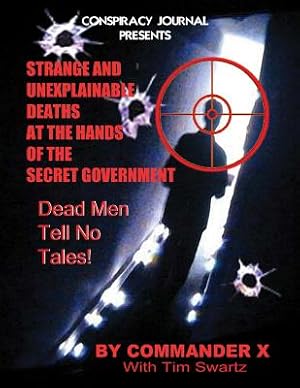 Imagen del vendedor de Strange and Unexplainable Deaths at the Hands of the Secret Government (Paperback or Softback) a la venta por BargainBookStores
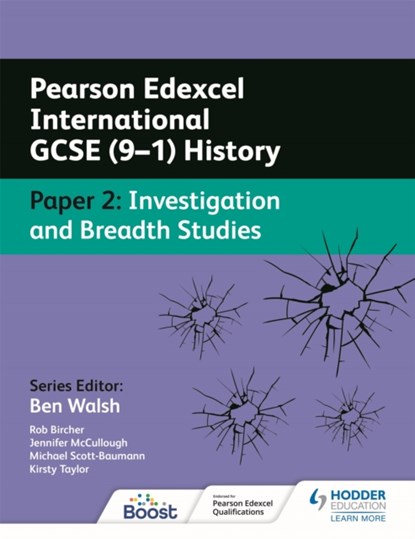 Pearson Edexcel International GCSE (9–1) History: Paper 2 Investigation and Breadth Studies, Rob Bircher ; Kirsty Taylor ; Jennifer McCullough ; Michael Scott-Baumann - Paperback - 9781398322332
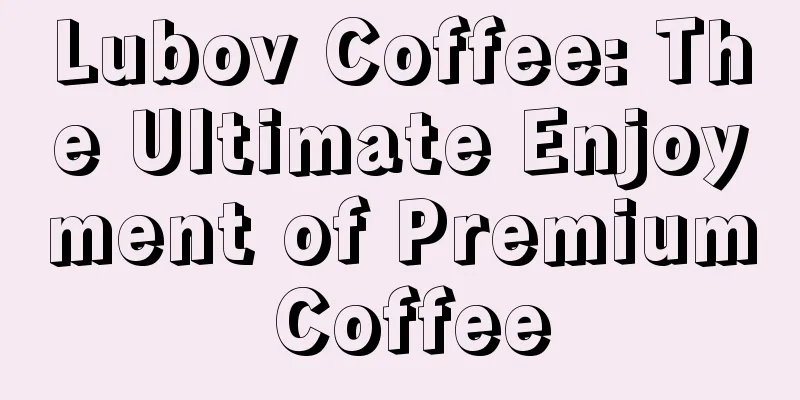 Lubov Coffee: The Ultimate Enjoyment of Premium Coffee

◆ ◆ ◆ ◆ ◆ ◆ ◆

» **Work order**
The material above is to be output exactly, with each picture left out.

» **Exercise answer**
 Imagen del vendedor de Strange and Unexplainable Deaths at the Hands of the Secret Government (Paperback or Softback) a la venta por BargainBookStores
 Pearson Edexcel International GCSE (9–1) History: Paper 2 Investigation and Breadth Studies, Rob Bircher ; Kirsty Taylor ; Jennifer McCullough ; Michael Scott-Baumann - Paperback - 9781398322332
 Lubov Coffee: The Ultimate Enjoyment of Premium Coffee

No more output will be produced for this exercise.